== Data shown ==

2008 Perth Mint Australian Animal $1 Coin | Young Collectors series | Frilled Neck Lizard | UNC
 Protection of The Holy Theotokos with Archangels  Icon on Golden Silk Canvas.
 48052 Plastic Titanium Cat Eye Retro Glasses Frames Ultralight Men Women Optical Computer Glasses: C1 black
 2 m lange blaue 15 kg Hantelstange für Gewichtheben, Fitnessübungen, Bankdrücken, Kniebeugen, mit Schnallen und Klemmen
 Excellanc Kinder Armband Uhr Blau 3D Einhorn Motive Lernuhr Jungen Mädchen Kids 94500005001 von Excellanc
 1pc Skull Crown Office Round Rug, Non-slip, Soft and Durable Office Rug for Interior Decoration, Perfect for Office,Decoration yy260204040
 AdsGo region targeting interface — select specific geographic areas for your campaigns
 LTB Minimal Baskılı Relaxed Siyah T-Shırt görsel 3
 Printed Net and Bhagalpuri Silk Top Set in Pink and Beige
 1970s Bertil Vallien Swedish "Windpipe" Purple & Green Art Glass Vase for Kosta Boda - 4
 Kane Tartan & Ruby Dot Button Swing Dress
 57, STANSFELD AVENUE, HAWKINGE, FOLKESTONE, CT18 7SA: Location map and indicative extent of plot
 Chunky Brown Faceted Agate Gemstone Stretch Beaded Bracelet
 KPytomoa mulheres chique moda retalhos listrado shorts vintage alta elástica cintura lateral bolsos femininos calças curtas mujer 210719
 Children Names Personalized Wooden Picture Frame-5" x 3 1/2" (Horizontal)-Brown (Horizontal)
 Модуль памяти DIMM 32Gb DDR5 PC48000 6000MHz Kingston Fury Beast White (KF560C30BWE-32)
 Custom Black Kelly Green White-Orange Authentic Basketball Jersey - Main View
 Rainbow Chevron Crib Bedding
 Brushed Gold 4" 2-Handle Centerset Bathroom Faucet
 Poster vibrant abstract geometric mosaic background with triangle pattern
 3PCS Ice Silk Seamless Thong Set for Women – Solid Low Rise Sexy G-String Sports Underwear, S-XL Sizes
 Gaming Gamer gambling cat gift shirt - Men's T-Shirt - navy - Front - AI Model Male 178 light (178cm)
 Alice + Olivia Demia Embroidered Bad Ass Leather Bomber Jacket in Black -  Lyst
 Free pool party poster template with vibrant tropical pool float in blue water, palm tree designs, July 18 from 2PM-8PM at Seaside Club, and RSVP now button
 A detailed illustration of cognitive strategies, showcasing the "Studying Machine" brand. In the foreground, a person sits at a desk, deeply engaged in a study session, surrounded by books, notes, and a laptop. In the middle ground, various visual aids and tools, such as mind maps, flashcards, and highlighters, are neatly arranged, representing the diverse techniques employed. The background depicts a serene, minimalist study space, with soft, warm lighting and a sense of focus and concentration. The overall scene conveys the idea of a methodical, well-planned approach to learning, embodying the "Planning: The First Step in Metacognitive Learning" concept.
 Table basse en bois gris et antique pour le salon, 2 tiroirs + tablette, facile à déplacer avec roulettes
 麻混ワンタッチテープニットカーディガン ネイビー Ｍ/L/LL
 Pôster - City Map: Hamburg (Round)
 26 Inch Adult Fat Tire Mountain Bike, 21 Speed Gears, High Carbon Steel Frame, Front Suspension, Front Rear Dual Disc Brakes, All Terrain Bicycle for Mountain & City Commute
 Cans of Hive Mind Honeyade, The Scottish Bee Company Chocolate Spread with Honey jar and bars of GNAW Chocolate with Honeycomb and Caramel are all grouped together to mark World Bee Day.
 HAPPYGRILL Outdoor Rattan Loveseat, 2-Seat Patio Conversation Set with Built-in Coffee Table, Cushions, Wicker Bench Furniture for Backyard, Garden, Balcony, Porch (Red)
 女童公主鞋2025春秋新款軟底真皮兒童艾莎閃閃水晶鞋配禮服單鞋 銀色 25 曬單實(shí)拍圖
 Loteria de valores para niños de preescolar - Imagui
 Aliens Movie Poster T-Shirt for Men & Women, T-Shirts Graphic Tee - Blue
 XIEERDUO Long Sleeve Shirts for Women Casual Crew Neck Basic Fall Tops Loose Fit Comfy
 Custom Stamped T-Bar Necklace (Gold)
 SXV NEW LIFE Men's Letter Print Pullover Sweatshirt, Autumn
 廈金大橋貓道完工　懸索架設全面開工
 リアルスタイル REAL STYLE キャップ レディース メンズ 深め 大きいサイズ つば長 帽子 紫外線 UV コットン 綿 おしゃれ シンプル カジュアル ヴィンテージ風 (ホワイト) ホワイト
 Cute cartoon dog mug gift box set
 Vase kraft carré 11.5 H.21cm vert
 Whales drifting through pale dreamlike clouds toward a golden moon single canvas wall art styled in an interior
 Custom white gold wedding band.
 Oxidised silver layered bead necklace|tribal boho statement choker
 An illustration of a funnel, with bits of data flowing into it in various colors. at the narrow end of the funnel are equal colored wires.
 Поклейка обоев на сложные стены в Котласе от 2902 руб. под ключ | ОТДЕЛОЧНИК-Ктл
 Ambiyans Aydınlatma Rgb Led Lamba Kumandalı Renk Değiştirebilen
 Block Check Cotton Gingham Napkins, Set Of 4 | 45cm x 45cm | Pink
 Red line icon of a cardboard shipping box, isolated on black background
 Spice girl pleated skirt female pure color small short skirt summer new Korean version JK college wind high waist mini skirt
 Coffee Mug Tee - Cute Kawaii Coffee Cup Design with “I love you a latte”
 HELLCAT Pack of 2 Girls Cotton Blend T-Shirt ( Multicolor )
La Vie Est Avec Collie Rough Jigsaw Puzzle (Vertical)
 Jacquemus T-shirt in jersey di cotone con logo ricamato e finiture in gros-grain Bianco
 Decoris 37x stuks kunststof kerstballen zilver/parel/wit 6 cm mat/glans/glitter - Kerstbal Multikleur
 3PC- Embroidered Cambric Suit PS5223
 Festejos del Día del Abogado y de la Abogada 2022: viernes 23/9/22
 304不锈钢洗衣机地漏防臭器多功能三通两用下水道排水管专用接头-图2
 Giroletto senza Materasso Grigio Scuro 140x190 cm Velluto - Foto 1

===

After locating the line with "Spice girl pleated", output that line and every later one exactly, through the end of the entries above.

Output of the task>
 Spice girl pleated skirt female pure color small short skirt summer new Korean version JK college wind high waist mini skirt
 Coffee Mug Tee - Cute Kawaii Coffee Cup Design with “I love you a latte”
 HELLCAT Pack of 2 Girls Cotton Blend T-Shirt ( Multicolor )
La Vie Est Avec Collie Rough Jigsaw Puzzle (Vertical)
 Jacquemus T-shirt in jersey di cotone con logo ricamato e finiture in gros-grain Bianco
 Decoris 37x stuks kunststof kerstballen zilver/parel/wit 6 cm mat/glans/glitter - Kerstbal Multikleur
 3PC- Embroidered Cambric Suit PS5223
 Festejos del Día del Abogado y de la Abogada 2022: viernes 23/9/22
 304不锈钢洗衣机地漏防臭器多功能三通两用下水道排水管专用接头-图2
 Giroletto senza Materasso Grigio Scuro 140x190 cm Velluto - Foto 1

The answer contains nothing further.